Total Non-Vine Five Star Reviews

- The total number of five star reviews from non-vine users is 43,217 out of the 74,113 total reviews.
-
The percentage of five star reviews out of the total vine users reviews subset is 35.39%.
-
The number of five star(non-vine) reviews is 58.31% of the total non-vine user reviews.
- Other percentages of note are the percentage of vine five star reviews to total five star reviews. The vine five star reviews make up 0.53% of the total of all five star reviews, where as the non vine five star reviews make up the remaining 99.47%.
- Finally the total number of vine user five star reviews out of the total number of reviews is 0.31%, versus the non-vine five star reviews making up 57.81% of the total reviews.
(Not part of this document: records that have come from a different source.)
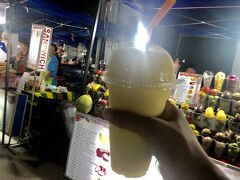 【夜の旧市街】

ないとマーケットのジューススタンドにて
たまにはフレッシュフルーツでビタミン補給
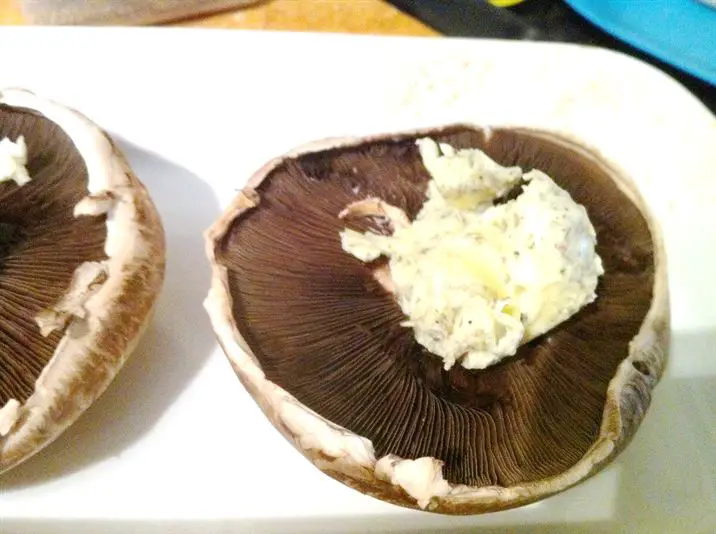 Meat-free Monday..Herby baked mushrooms and sour dough bruschetta, Lay The Table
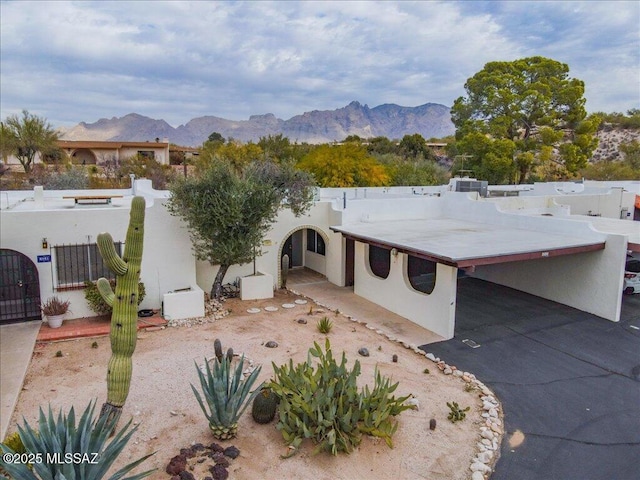 view of front of property featuring a mountain view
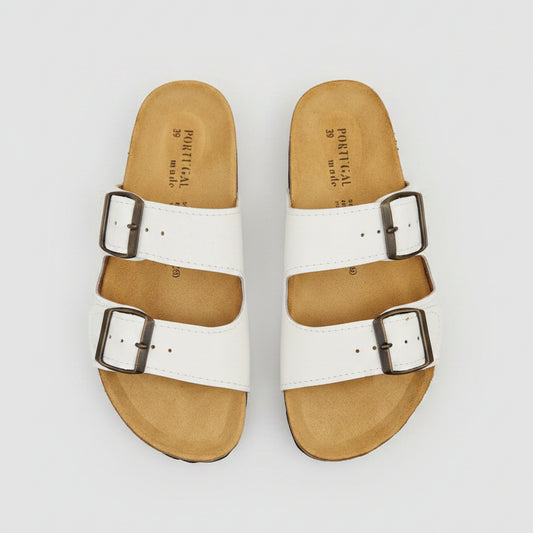 Chinelo em pele de camurça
In summary, based on our current dataset, positive bias doesn't appear to be present in the Vine program. The percentage of vine reviewer's who give a five star review of the product is 35.39%. This is compared to the percentage of five star reviews given by non vine reviewers, which is 58.31%. From this data, we can extrapolate that there is no positivity bias and that Vine reviewers seem to be more likely to give a non-positive review to a product than non-vine users.
Despite this, we should be cautious drawing a final conclusion from this dataset alone because the sample of vine users in the Beauty review dataset was a fraction of the size of the non-vine reviewers set. Before drawing a definitive conclusion, it would be worth conducting similar reviews over time to discover if this was a trend within beauty reviewers.
An additional analysis to perform on this data set would be to establish the measures of central tendency (mean, median, mode) on the star_rating variable. This would be useful to see if the data is skewed either way. We could then see what the average star ratings were for Vine and non-vine reviewers. This would likely support our summary that Vine reviewers are more likely to give a lower rating.
It would also be useful to compare the mean, median to the mean, median of the population of all beauty reviews (or even amazon reviews) to determine if the conclusion found in from this dataset can be reproduced.
Once we had dug into the data a little bit further, we could devise a two sample t-test to determine if the mean and medians of the two sets (vine/non vine) were also statistically significant.